Hm, that's unfortunate. I guess it makes sense from a "pure deterministic cache" perspective on their end, but on our end it's very hard to provide a proper, full cache key that combines all inputs for Go's module deps, package builds, and tests.
CC @FiloSottile since he raised similar points in https://github.com/mvdan/github-actions-golang/issues/12.
I think using hashes of go.sum files is fine if we are only caching the module download cache. But if we're also caching package builds and tests, it's certainly not enough. Perhaps ${{ runner.os }}-go-${{ hashFiles('**/go.sum') }}-${{ hashFiles('**/*.go') would be a slightly better approximation - it would still not cover edge cases like testdata files or env vars, but it would be significantly more accurate than just go.sum files.

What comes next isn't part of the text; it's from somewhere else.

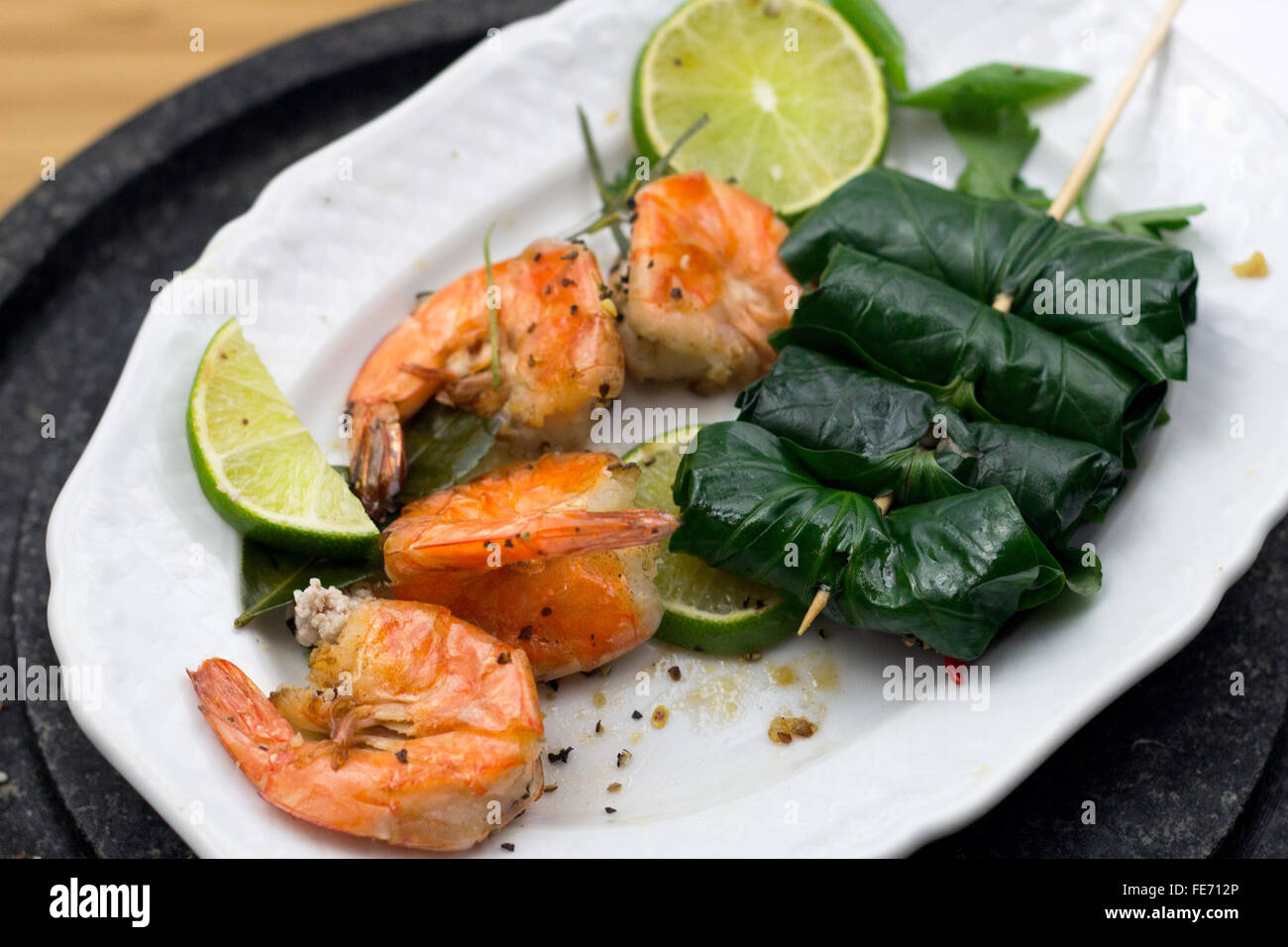 Thit Bo Nuong La Lot filled Wine leaf , Vietnamese Traditional Dish Food, Starter, Appetizer served with Limes Stock Photo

I'd go further and include all files in the hash, because test files could impact the build too. This is the pattern I'm using now:
- uses: actions/cache@v2
with:
path: ~/go/pkg/mod
key: ${{ github.workflow }}-${{ github.job }}-${{ matrix.go }}-${{ runner.os }}-go-mod-${{ hashFiles('**/go.sum') }}
restore-keys: ${{ github.workflow }}-${{ github.job }}-${{ matrix.go }}-${{ runner.os }}-go-mod
- uses: actions/cache@v2
if: ${{ github.ref != 'master' }}
with:
path: ~/.cache/go-build
key: ${{ github.workflow }}-${{ github.job }}-${{ matrix.go }}-${{ runner.os }}-go-all-${{ github.ref }}-${{ hashFiles('**', '!.git') }}
restore-keys: |
${{ github.workflow }}-${{ github.job }}-${{ matrix.go }}-${{ runner.os }}-go-all-${{ github.ref }}
${{ github.workflow }}-${{ github.job }}-${{ matrix.go }}-${{ runner.os }}-go-all
See it in context here: https://github.com/stellar/go/pull/3727
Note that I've chosen to include github.ref in the key because I want cache items from the current branch to be preferred over cache items from other branches.

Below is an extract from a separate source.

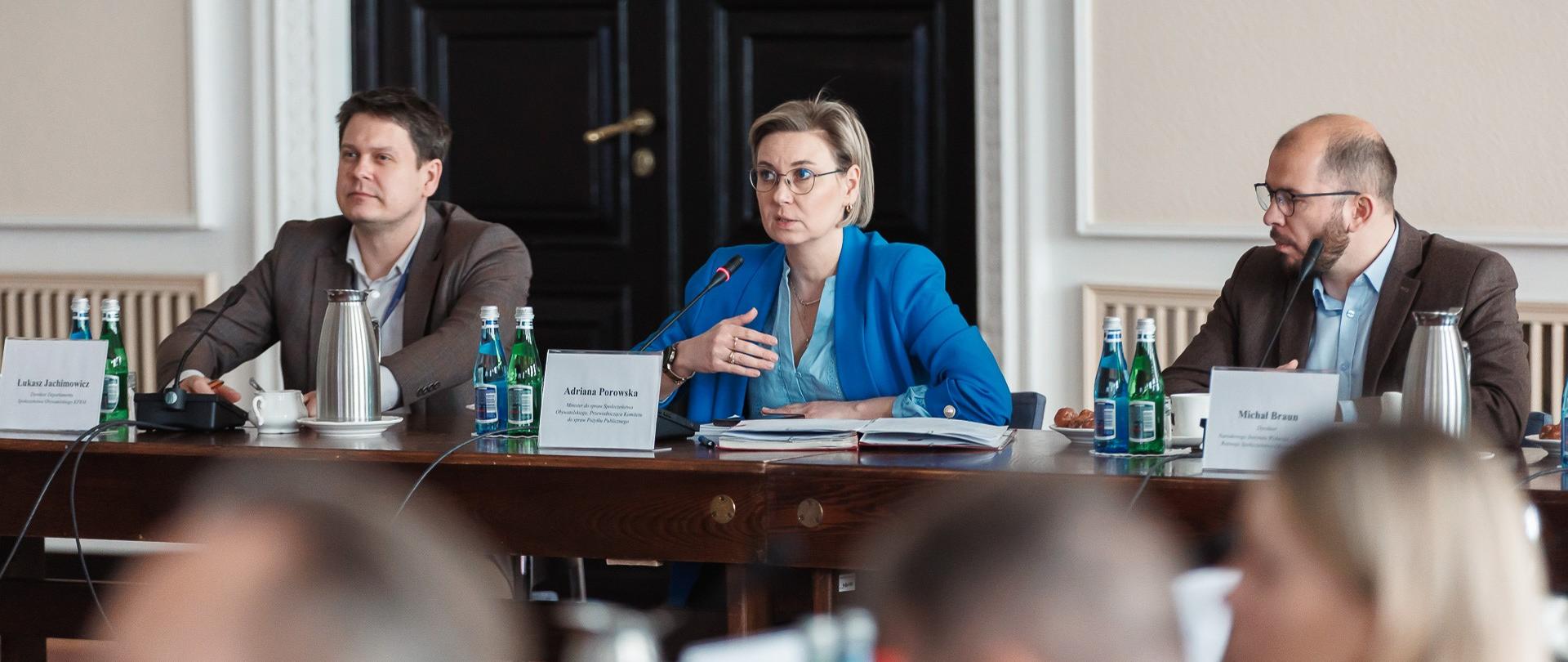 Zdjęcie przedstawia trzy osoby siedzące obok siebie przy długim stole konferencyjnym. Od lewej widoczny Łukasz Jachimowicz, Dyrektor Departamentu Społeczeństwa Obywatelskiego KPRM, Adriana Porowska, Ministra do spraw Społeczeństwa Obywatelskiego i Michał Braun, dyrektor Narodowego Instytutu Wolności. Ministra Porowska gestykuluje mówiąc do mikrofonu. Na pierwszym planie widoczne rozmyte sylwetki innych uczestników spotkania.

If there was a way to serialize the matrix object into the cache key I'd do that so that all matrix params automatically had different caches, but I don't see a way of doing that with Actions.
Oh, wow, that's pretty long :P
At that point, practically any commit would result in a different cache key, right? I wonder how feasible it would be to just use something like...
key: ${{ github.workflow }}-${{ github.job }}-${{ matrix.go }}-${{ runner.os }}-${{ RANDOM_STRING }}
restore-keys: |
${{ github.workflow }}-${{ github.job }}-${{ matrix.go }}-${{ runner.os }}-${{ RANDOM_STRING }}
${{ github.workflow }}-${{ github.job }}-${{ matrix.go }}-${{ runner.os }}-
I assume the full github commit hash is a good approximation for "random".
At that point, practically any commit would result in a different cache key, right?
The cache key needs to be unique if the tests could result in different results, so those different results get cached. The restore keys value will ensure a recent cache is selected.
I assume the full github commit hash is a good
The commit head would work too. I'm taking a hash of all files in the working directory. A commit hash would also be sufficient. Could also just use the github actions build number.
The environment (like the versions of services like Postgres that might be in the matrix) is still important, so we still need those values in the cache key.